In short: you were telling the truth at the time the letter was sent.  You did nothing dishonest.

That being said:  I might consider going to Fordham, regardless.  The 3x better shot at Big Law makes paying off the extra debt a 5-8 year endeavor, following which you have a degree from Fordham and the chance for vastly superior income for the remainder of your career.

But...if you want public interest, then go to Brooklyn.

It's done.  I'm going.  Go Gophers!

(Of course, now I'm nervous that I'm making a horrible mistake and that I might end up living in Iowa for the rest of my life).

Anyway:  anyone have any good tips on Uptown apartment buildings?  Any general help on specific areas to live would be helpful.  3 blocks to the bus line would be ideal.

Choosing the Right Law School / Re: Minnesota vs. Rutgers
« on: May 12, 2008, 07:30:52 AM »
It went well.

The weather on Saturday was pretty dreary, but the visit to the school was intersting.  An associate dean showed me and my fiancee around and talked to us for about 85 minutes, total.  I like that you are required to do either a journal or a moot court in 2L; it seems like no matter what you're going to come out of UMN with a decent sampling of briefs and resume fodder.

I asked about their future job prospects, and one thing that stuck out was that their incoming dean (former assistant dean, I believe, at Cornell and former member of the Clinton staff) will bring some "sparkle" to their reputation, and that he has some vision for expanding the reach of UMN grads national placement.  Also, they're looking to build a new law school in 5-6 years, it seems that the recent dip in the rankings are just a temporary blip, and things will be on the up and up now that a full time dean is in place.

The city is clean, easy to get around.  People are awfully friendly and helpful.  Coming from NYC, it will certainly be a change (most restaurants stop serving food at 10PM, which is a far cry from the late night scene here), but we liked the Uptown area and the nearby lakes.  I look forward to riding my bike every day on their huge network of bike paths.

So...I mailed my deposit.  That's that.  Now I have to withdraw from Rutgers, which is fine...but oddly kind of sad.

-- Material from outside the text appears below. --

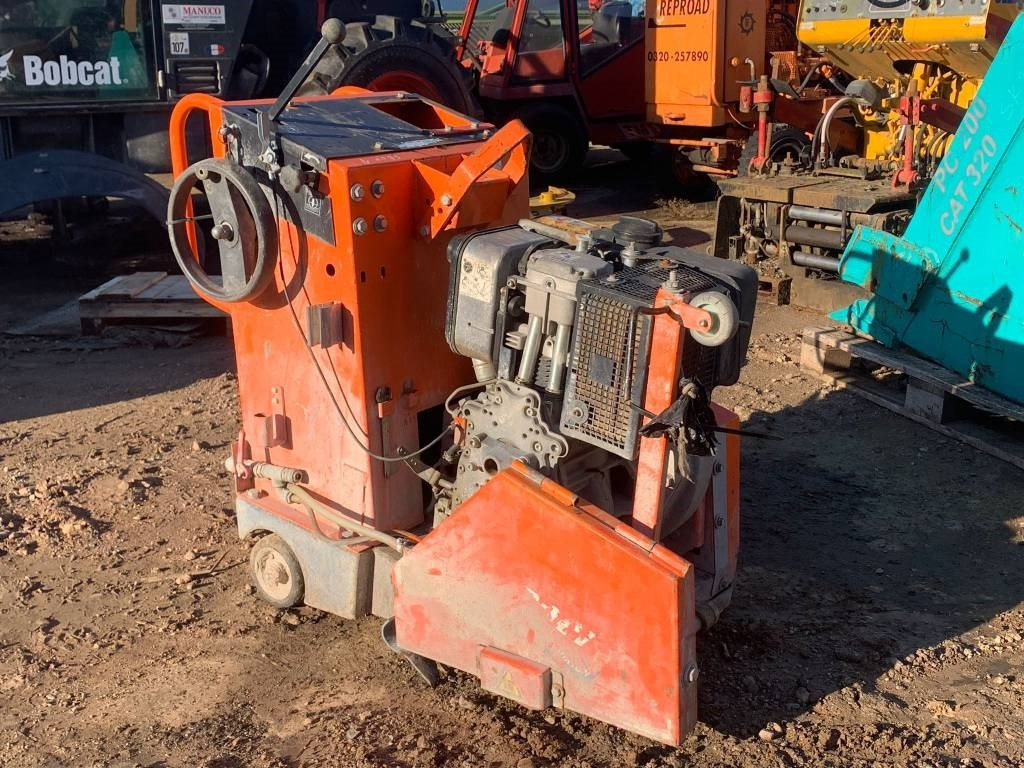 Norton Clipper CSB1 - Asfaltmachine: afbeelding 2 Norton Clipper CSB1 - Asfaltmachine: afbeelding 2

Agreed.  I'm probably headed to UMN, and I don't expect to get much action from the east coast when I graduate.

That being said, with schools ranked in this region (sub T-14/upper Tier 1), getting a decent job in the region that they reside should be relatively easy, compared to schools in the second tier.  UMN and Madison have a slight advantage over BC, perhaps because they are the top schools in their markets, while BC is tied for 2nd in Boston with BU.  That being said, average salaries in Boston are probably higher than in Twin Cities/Wisconsin.

Where do you want to live?  That's really the only important factor here.  Alleviating $45,000 in debt isn't worth living somewhere you don't want to be.

Choosing the Right Law School / Re: Minnesota vs. Rutgers
« on: May 09, 2008, 10:27:31 AM »
From what I understand, the above poster is correct.  There simply aren't that many ESL teachers in the area. 

Here's an article about it.  Apparently the rate of non-English speaking immigration to Minneapolis/St. Paul is much higher than the national average:

Choosing the Right Law School / Re: Minnesota vs. Rutgers
« on: May 09, 2008, 08:30:27 AM »
Oh, I'm 95% sure we'll end up there.  The job options for my fiancee (she's an ESL teacher) are vastly better in the Twin Cities than almost anywhere else in the country.  Plus, her continuing ed options would be fantastic.  It's cheaper living, more outdoors stuff to do, and a better school with better job options.

The only downsides are increased debt (we have some savings we'll use to ward off some of the COL expenses, so even this won't be overly bad.) and being far away from family.  But...hey, if we don't make a move now, we'll never leave the Northeast, and we're both a little sick of the Northeast.  Also, down the road 5-8 years, I think I'd have a pretty good chance at moving back (if we want to) with a degree from UMN and job experience.  A degree from Rutgers?  Eh. Not quite as much.

Choosing the Right Law School / Re: Minnesota vs. Rutgers
« on: May 08, 2008, 12:25:42 PM »
Come on, man!  Go to UMN!  We can b-tch and moan about our wives and debt together.

Choosing the Right Law School / Re: Minnesota vs. Rutgers
« on: May 08, 2008, 08:26:06 AM »
Oh, hey.  Sorry about my absence.

Re: the $$ -

I simply called the office and spoke to a lady there.  She listened to me explain my concerns about the cost of attending.  I expressed genuine interest in going to UMN, and said that I was weighing an offer from Rutgers that would allow me to graduate with minimal debt.  I told her that I realize the reputation of the two schools were vastly different, but being a non-trad, I have a future wife and kids in the near future.  She told me she'd pass the info along.

2 days later, a male adcomm left me a voice mail saying they upped the scholarship.  It wasn't a huge upgrade, but it was a big deal to me and my fiancee, for the effort they put in to lure me as much as for the dollars involved.  He's also coming out on a Saturday to show me around this weekend, which is really thoughtful. 

As for in state:  she said that it is indeed possible for the 2nd and 3rd year, but you have to prove to the board that you intend to stick around.  I asked if being married to a public school teacher who works in the MN public schools would help, and she said absolulely, as would buying property.  She also said some folks even get money awarded retroactively, but that's rare.

mpk1516: how was your visit?

Any thoughts on my admissions situation? Applied early March and I'm still "in review"...

At this point, I would call the office.  It's down to the wire, and while you submitted your app late, you also need to know what's going on for next year.  I'm sure they'll understand and recognize that you're not just being a pest. 

FWIW, when I called about my scholarship, I had 2 different people call me back within a few days to get back to me.  They seem really responsive. 

Just be prepared for less-than-great news, and rehearse a "Well, if there's anything I can do to improve my chances...Thanks anyway!" spiel, just in case.

Good Luck!

I'm visiting the school next weekend (May 10th/11th), and the admissions people are having one of their assistant deans meet with me and show me around.  Being by myself might give an interesting perspective (especially right at the end of finals...I'm hoping for female streakers).  If anyone has any questions they'd like me to ask, let me know.